La Délégation aux droits des femmes et à l'égalité des chances entre les hommes et les femmes a procédé à l'audition de Mme Jacqueline Laufer, professeur de sociologie au groupe HEC.
Madame, vous êtes professeur de sociologie au groupe HEC et directrice adjointe d'un groupement européen de recherche du CNRS : « Marché du travail et genre en Europe ».
Quel bilan tirez-vous des lois sur l'égalité professionnelle de 2001 et de 2006 ?
Comment, selon vous, la question de l'égalité professionnelle est-elle appréhendée par les entreprises et par les syndicats ?

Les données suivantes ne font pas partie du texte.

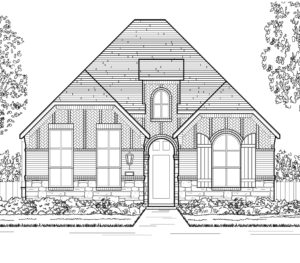 This is a black and white drawing of a lakefront home.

Quelles stratégies préconisez-vous pour développer une plus grande mixité au sein des équipes de management, dans un contexte économique qui n'est pas des plus favorables aux femmes ? On nous répond souvent que la volonté d'y parvenir se heurte à un nombre insuffisant de femmes potentiellement en mesure de siéger dans les conseils. La Norvège elle-même, qui a imposé un quota de 40 % de femmes dans les conseils d'administration, n'a pas les mêmes résultats dans les exécutifs. Mais je remarque que si les lois sur l'égalité professionnelle ne sont pas appliquées dans l'entreprise, plus on montera dans la hiérarchie, moins on aura de chance de trouver des femmes aux postes de direction.
Ces deux thèmes : le bilan des lois sur l'égalité professionnelle et la place des femmes dans les équipes de management ont été au centre de mes travaux.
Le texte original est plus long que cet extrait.